BOSTON — Four minutes into yesterday’s game, you got a glimpse of why the New York Rangers have always thought so highly of Chris Kreider.
Following a great scoring chance by Bruins winger Reilly Smith, the Rangers transitioned the puck up ice as Kreider gathered it in front of his own bench. With long, powerful strides the Boxford native shot into the attacking zone, going right-to-left across the ice until he was in the bottom of the left circle. His shot on Bruins goaltender Tuukka Rask from the bottom of the dot was turned aside, but his skill set was on full display in a matter of seconds.
Kreider didn’t factor into the scoring during yesterday’s 3-2 Boston victory at the TD Garden, but the 22-year-old is clearly at the point in his young career where he not only seems to get what it takes to play at the NHL level, but how to stay there, too.
“I think that’s the NHL ... you’re constantly re-proving yourself every time you lace ‘em up,” said the 6-foot-3, 225-pound left wing. “Then again, that’s a lot of fun to do when it’s something you obviously love and to compete every day.”
While technically still classified as an NHL rookie, this is the third season that Kreider has been playing with the big boys following the splash he made in the 2011 playoffs (5 goals, 2 assists) after coming straight out of Boston College, followed by a shortened 2012-13 season where he spent as much time in the minors as it did in the bigs while dealing with bone chips in his ankle.
He also began this season in the American Hockey League with the Rangers’ farm team in Hartford, but since his Oct. 20 callup to New York, it doesn’t appear Kreider will be headed back soon — if ever.
As he has matured as a player, his confidence has grown and so has his game. Whereas former Rangers coach John Tortorella was a stickler for defensive zone responsibilities and shot blocking, new coach Alain Vigneault has seemingly given Kreider the go-ahead to use his greatest strengths — tremendous skating and offensive zone awareness — for a New York team that has a difficult time scoring goals (their average of 2.12 per game is the third-lowest in the league).
His playing time has certainly increased; so has Kreider’s spot in the pecking order that is the New York lineup. He’s been cemented on the second line with center Derek Stepan (a teammate of his on the U.S. World Juniors gold medal club in 2010) and right wing Mats Zuccarello. The trio has clicked well, with Kreider potting three goals and 10 assists in 19 games since his recall from the AHL.
“He moves up and down the ice very well. He’s a strong skater; you get him the puck and he can really go,” Zuccarello, a 26-year-old Norwegian, said of Kreider. “I think that’s how we have to get him going; that’s his game. We have to let him do his thing, chasing pucks, accelerating into the offensive zone.”

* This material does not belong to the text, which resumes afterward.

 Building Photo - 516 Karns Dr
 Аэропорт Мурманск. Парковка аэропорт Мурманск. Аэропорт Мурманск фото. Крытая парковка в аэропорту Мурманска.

The credit, says Kreider, goes to his linemates. “It doesn’t matter who you put them with; they’re going to make you look good,” said the former Masconomet Regional and Phillips Andover superstar. “They’re extremely cerebral and communicate very well on the bench, and if there’s ever an issue on the ice ... they’re very easy to approach.”
The former first round pick had a chance to give his team the lead in the third period yesterday. With about 10 minutes to go in regulation and the score tied at 2-2, Kreider got behind Boston defenseman Johnny Boychuk by using his speed and taking a stretch pass from Zuccarello. He came off the left wing boards towards Rask, but his wrist shot whistled wide of the net. Less than a minute later, Bruins captain Zdeno Chara’s rocket from inside the blue line gave the home team what turned out to be the game-winning tally.
Although he’s probably considered a longshot to make the team, there’s been talk Kreider’s size and frame could work nicely on the bigger ice surface for Team USA during the upcoming Olympics this February in Sochi, Russia.
Of course it’d be a dream come true, but I’m just focusing our next game. We’ve got Vancouver (at home this afternoon),” said Kreider, who got to spend a few hours at his parents’ Boxford home on Thanksgiving Day. Prior to that, his father David joined him as the Rangers’ dads accompanied the team on their road trip through Nasvhille and Tampa.
“(Yesterday) wasn’t the outcome we’d have liked ... we did some things well, did some things we have to improve on. That’s hockey.”